Le Roi Lion : Photo Roger Allers

Il fallait une photo classe, on peut dire que j'ai trouvé le haut du panier...

Voici un Disney dont je ne suis pas un grand fan car Le roi lion reste trop ovationné et d'ailleurs je ne l'ai pas mis dans une de mes quelconques cuvées spéciales animation. Un film qui peut être agaçant de par son succès surdimensionné et son ovation trop grande. Non Le roi lion n'est pas le meilleur Disney, non ce n'est pas le plus grand film d'animation au monde, oui Disney a fait mieux mais oui c'est un vrai bon film. Une oeuvre où la mort d'un proche enchaîne sur le pardon, où le plus petit des rois est plus courageux que tous les frères jaloux et où un phacochère et une mangouste s'imposent comme les parents adoptifs les plus attendrissants qui soit. De plus, l'animation est irréprochable, faisant de ce film un des derniers grands films de Disney.
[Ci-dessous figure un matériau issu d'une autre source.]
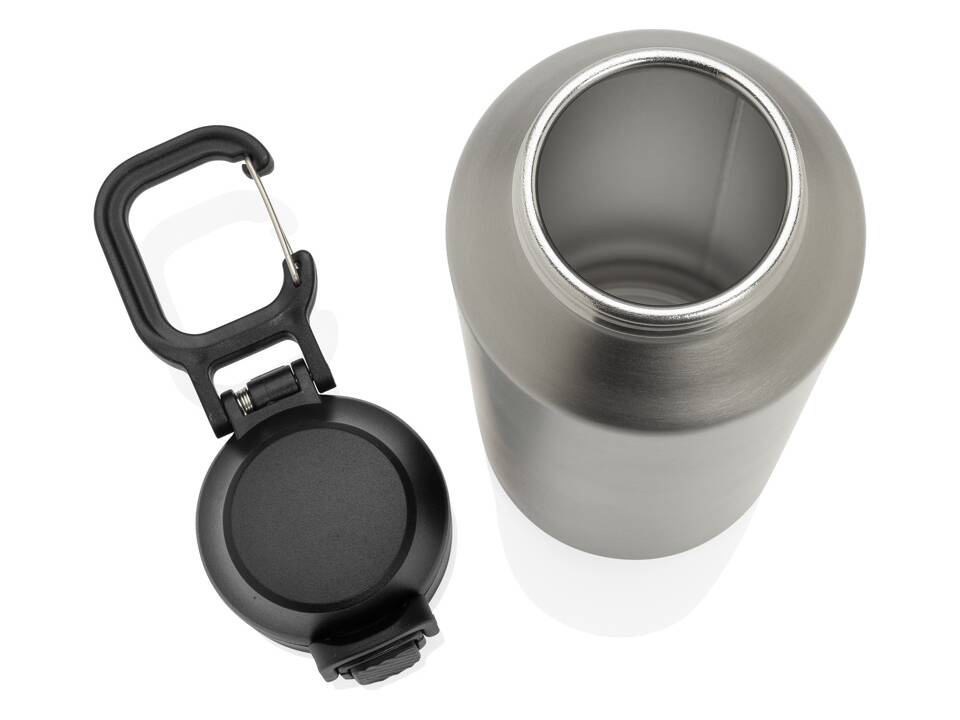 Bouteille de sport  600ML en acier recyclé RCS Via 21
  • Pulp Fiction de Quentin Tarantino. Sortie française: 26 octobre 1994 (en plus de la compétition à Cannes).

Pulp Fiction : Photo Christopher Walken, Quentin Tarantino

"De la part de Tonton Christopher, bonne cuite pour tes vingt ans mon bon Borat!"
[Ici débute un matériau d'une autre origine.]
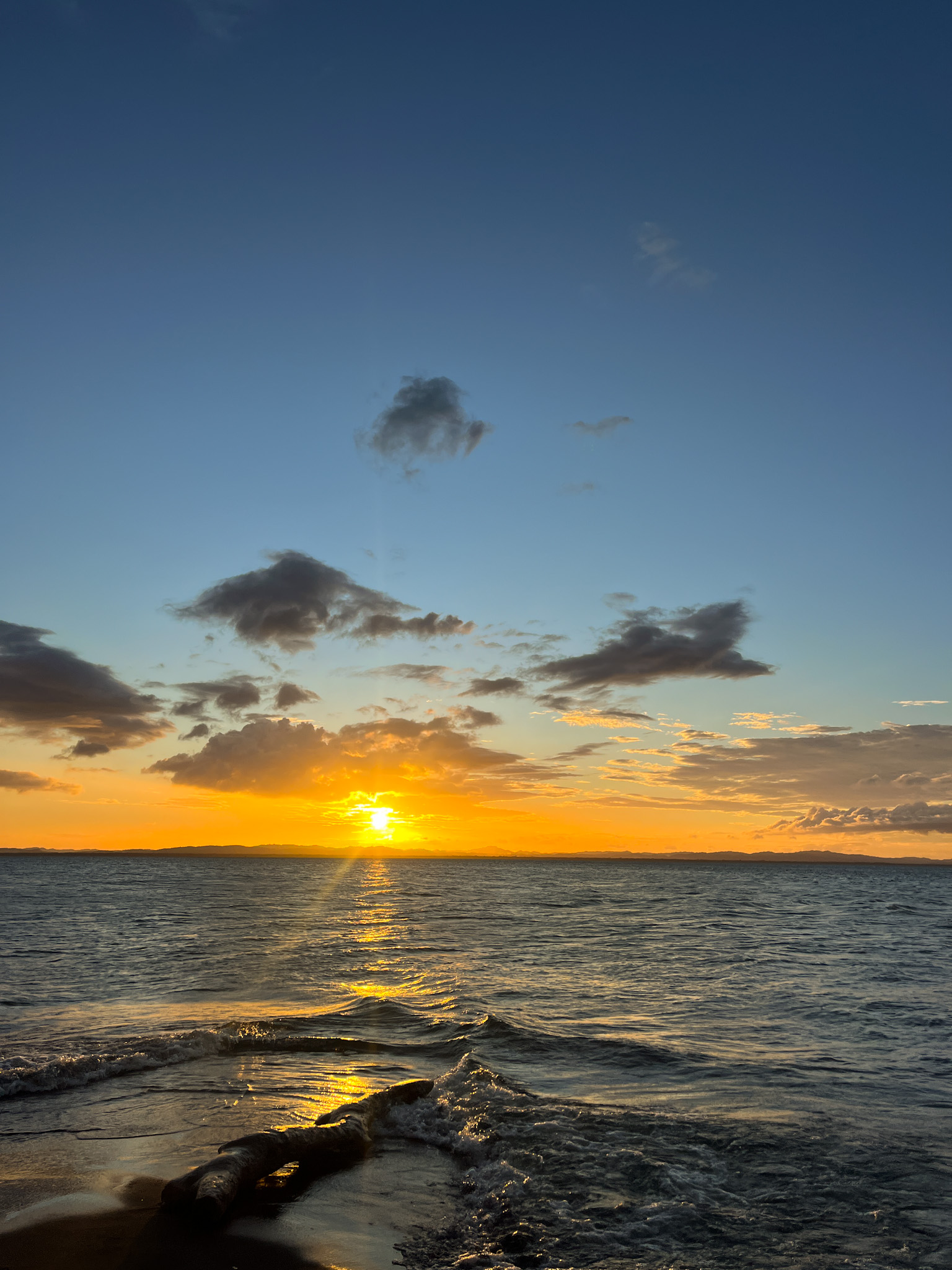 Sunset Punta Jesús María ometepe travel guide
Quentin Tarantino n'est pas en odeur de sainteté ici mais taper sur son film le plus original (avec True romance mais c'est Tony Scott qui l'a réalisé) serait franchement dégueulasse. Palme d'or à juste raison, probablement la dernière à être réellement connue du grand public, Pulp fiction reste un bonheur de répliques à réciter en soirée à l'image de l'Ezechiel ou la phrase de Ving Rhames après son petit quart d'heure sauvage. Ensuite, c'est comme je le disais son cru où il y a le moins d'influences possibles, où les films ne sont pas copiés jusqu'à plus soif, où les musiques prises ne viennent pas de films (je pense à ses rajouts multiples et abusifs d'Ennio Murricone) mais aussi à son casting irréprochable. John Travolta est cool sans passer pour un naze, Samuel L Jackson s'impose enfin, Uma Thurman aussi et Bruce Willis prouve qu'il ne peut pas toujours sauver le monde quand Harvey Keitel est d'une classe pas possible. Un objet pop par excellence.
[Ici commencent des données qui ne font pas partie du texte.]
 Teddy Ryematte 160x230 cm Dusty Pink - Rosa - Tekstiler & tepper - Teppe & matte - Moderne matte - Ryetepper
  • Les évadés de Frank Darabont. Sortie américaine: 23 septembre 1994. Mais sortie française le 1er mars 1995.

Les évadés

Impossible pour certains de voir Stephen King derrière une nouvelle aussi émouvante. Le film de Frank Darabont le prouvera pourtant avec une rare beauté. Le genre de films où les prisonniers, aussi criminels ont-ils été, ne sont pas pires que les matons et chef de prison. Rare sont les films où le prisonnier suscite une telle ampathie qui plus est quand sa peine est injustifiée. La beauté de ce film se prouve dans ces portraits d'hommes brisés. Andy en est la preuve mais que dire de Red, cet afro-américain attendant sans cesse une remise de peine pour un banal braquage. Ou alors ce bibliothéquaires de prison retrouvant la liberté alors qu'il a passé le restant de sa vie derrière des barreaux. Comment vivre après ça? Autant s'évader! Un des meilleurs films sur la prison où rien n'est surnaturel et peut être signé Stephen King en bas de page.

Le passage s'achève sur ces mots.